Thus Frossard’s men, tired out by their lost night’s sleep and six hours of intense fighting, and running low on ammunition, were condemned to fight their battle alone. On the Spicheren ridge the Germans captured the French trenches and hauled some artillery onto the neighbouring hill, forcing the French to give ground. Officer casualties were high on both sides as the fighting swayed back and forth in the smoke-filled woods. Although the Germans could not be dislodged, Laveaucoupet’s men held them in check by a bayonet charge at about 7 p.m.

Meanwhile on the left in Stiring-Wendel fighting continued into the dusk among houses, factories, slag-heaps and loaded coal wagons in the railway-yard, as well as in the nearby forest. In a letter home a Breton soldier, Yves-Charles Quentel, described going into battle there:

When the bugle sounded I was nervous; my poor heart was thumping at the thought of danger. At that moment all the men were under arms, with cartridges issued, awaiting the signal to go. After half an hour of wondering what was happening the command was given to ‘fix bayonets’ … Then we advanced to drive out the enemy. We passed through a foundry where the roofs and sheet-iron rang with bullets then, advancing fifty metres, I was ordered behind a pile of masonry … A short distance from me a chasseur-à-pied had been shot in the legs, while another beside him was dead.

A few soldiers were sheltering behind him. A lieutenant under cover ten yards from me ordered us to advance on the Prussians.

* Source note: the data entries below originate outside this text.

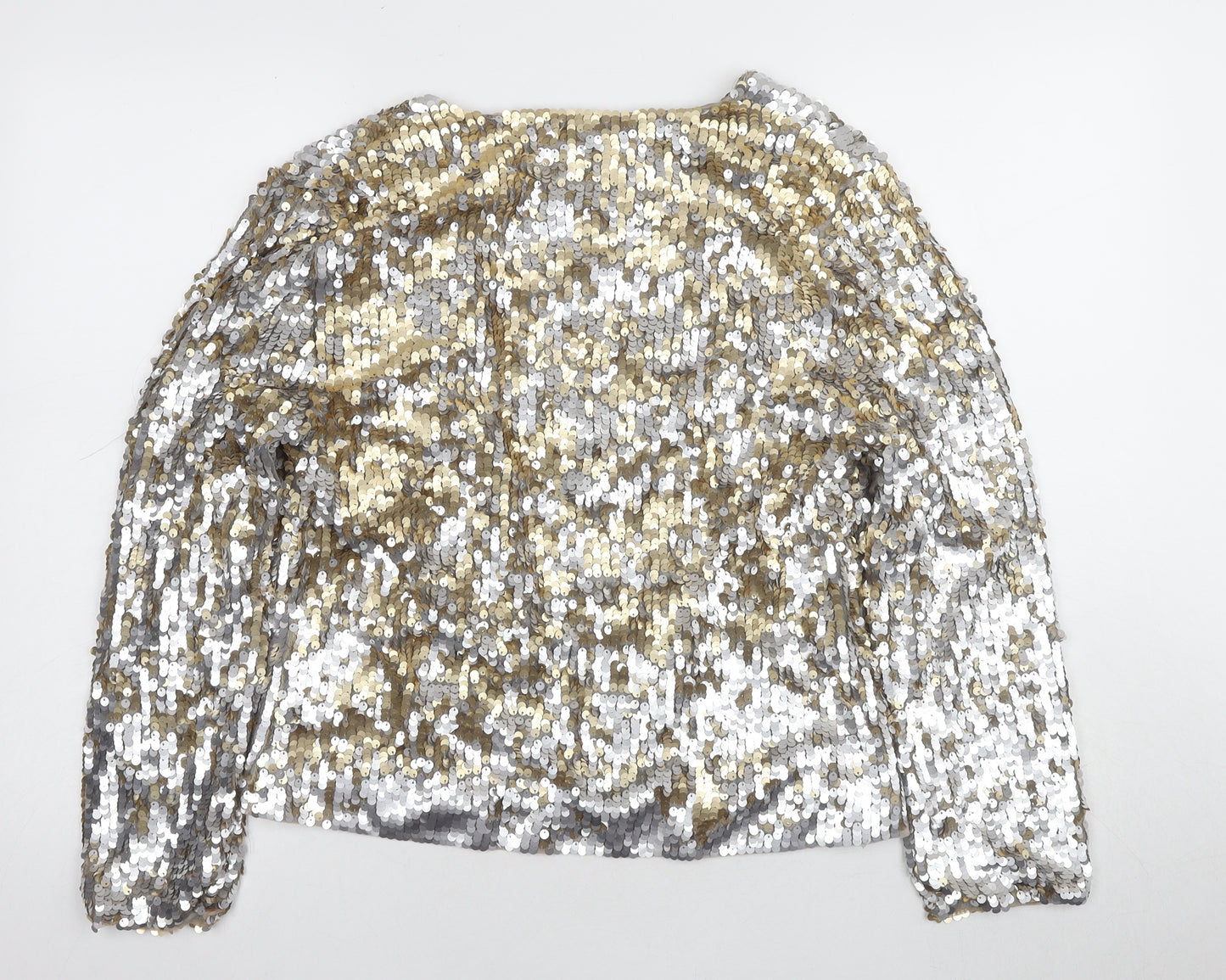 Monsoon Women's Sequin Bomber Jacket M Gold/Silver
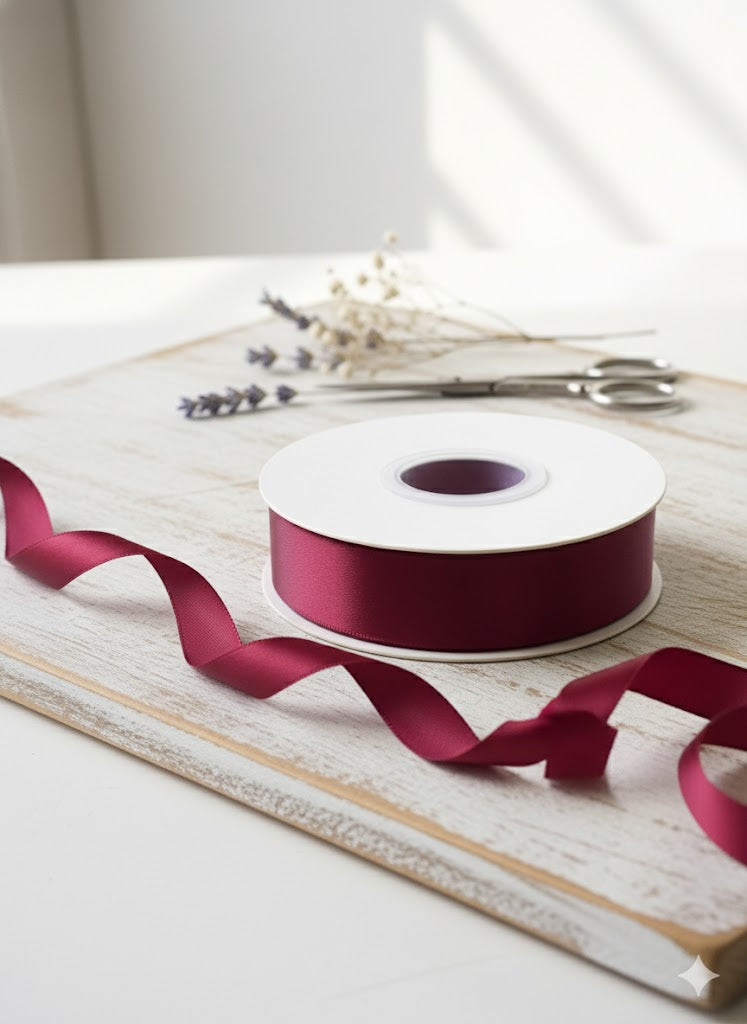 30 Meter Double Maroon #789 Ribbon Roll-2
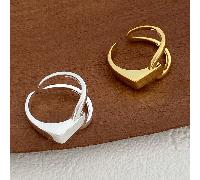 1 pezzo Anello in pregiata argento sterling 925 dalla progettazione unica e minimalista, gioiello alla moda con linee geometriche cave, regolabile, adatto per l'uso quotidiano delle ragazze Argento 92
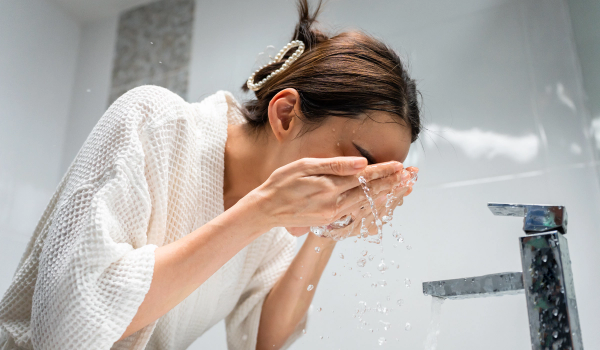 Woman in a white waffle-knit robe splashing water on her face at a bathroom sink, hair pulled back with a pearl clip, mid-cleanse with visible water droplets catching the light.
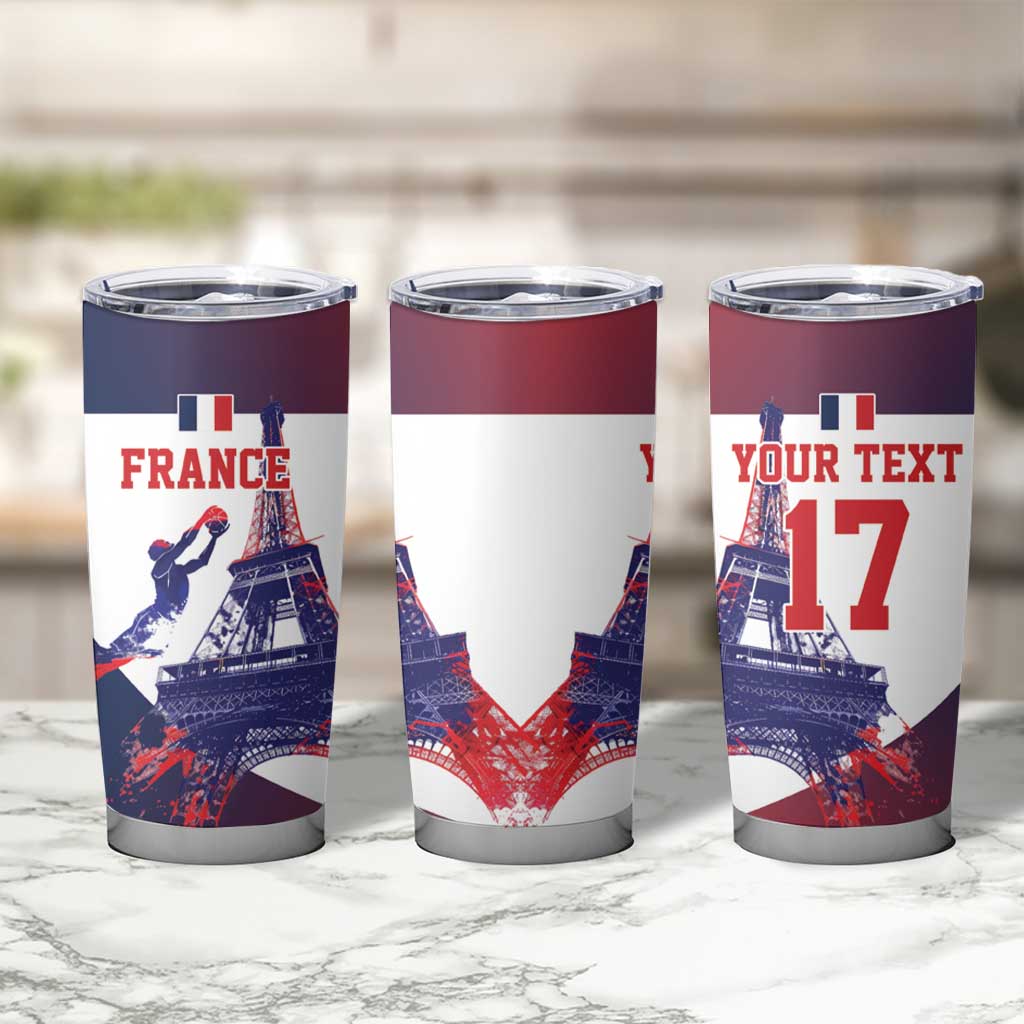 Custom France Basketball Tumbler Cup Eiffel Tower Sporty Style
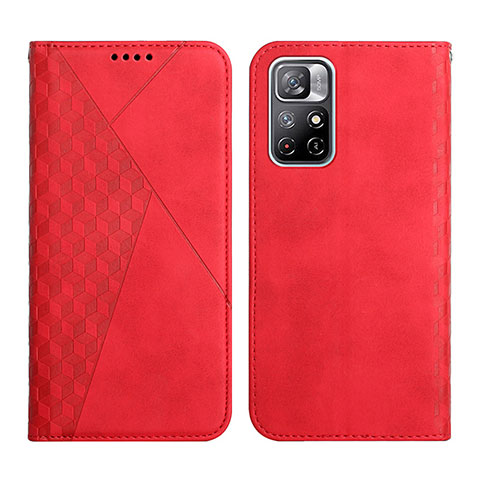 Custodia Portafoglio In Pelle Cover con Supporto Y02X per Xiaomi Poco M4 Pro 5G Rosso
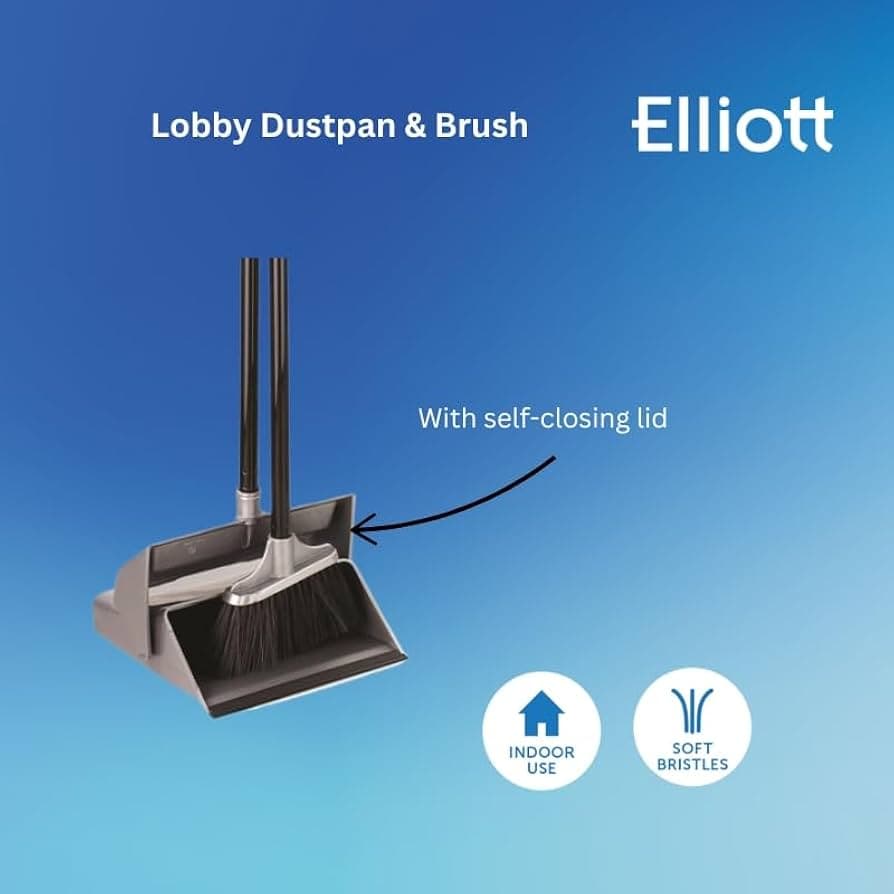 Elliots Long Handle Dustpan & Brush With Self Closing Lid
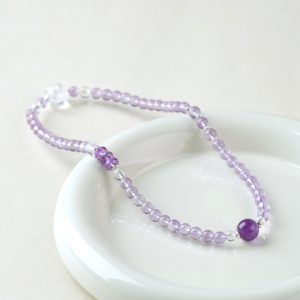 Violet Light | Double-Wrap Amethyst Bracelet - Amethyst, clear quartz, sterling silver bracelet product photograph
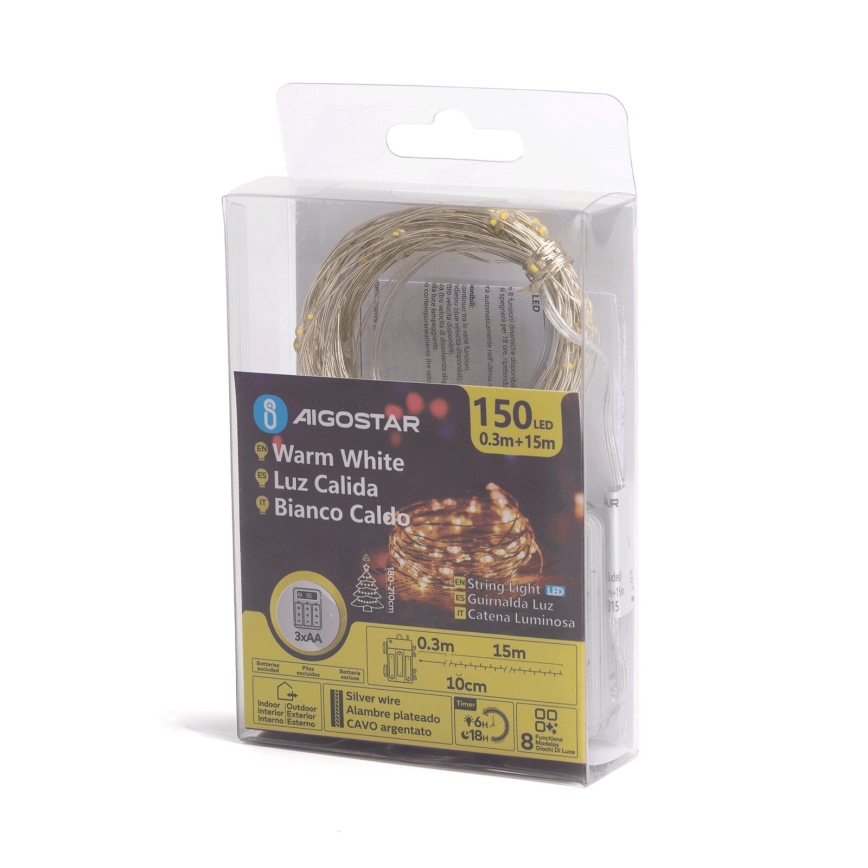 Aigostar -LED Екстериорни Коледни лампички 150xLED/8 функции 3xAA 15,3 м IP44 топло бял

I ran forward with twenty of my companions. We dashed across the railway tracks, then took cover behind some enormous cast-iron cylinders. We were protected from bullets coming from straight ahead, but not from those coming in from an angle. At my feet was a captain of chasseurs with a bullet in his head, lying in a pool of blood. Behind him was a colonel who had taken a bullet in the temple that had passed right through his head. It was enough to make you be sick, but I had no time to think …

The merciless contest continued in the blazing village after nightfall.

Meanwhile, events beyond his left flank convinced Frossard of the need to retreat that night. Another German division had crossed the Saar downriver and was bearing down on his rear at Forbach, held at bay only by a thin cavalry cordon and 200 reservists who had just arrived by train and were rushed into the firing line. With the fresh divisions of 3 Corps not yet to hand, Frossard concluded that he should withdraw to a better position, and after dark French buglers sounded the retreat. Left in possession of the field, the Germans could claim a hard-fought victory at a cost of 4,871 men to the French 4,078. Next day they also took possession of the immense stores that Frossard had accumulated at Forbach in preparation for an advance into Germany that now would never take place.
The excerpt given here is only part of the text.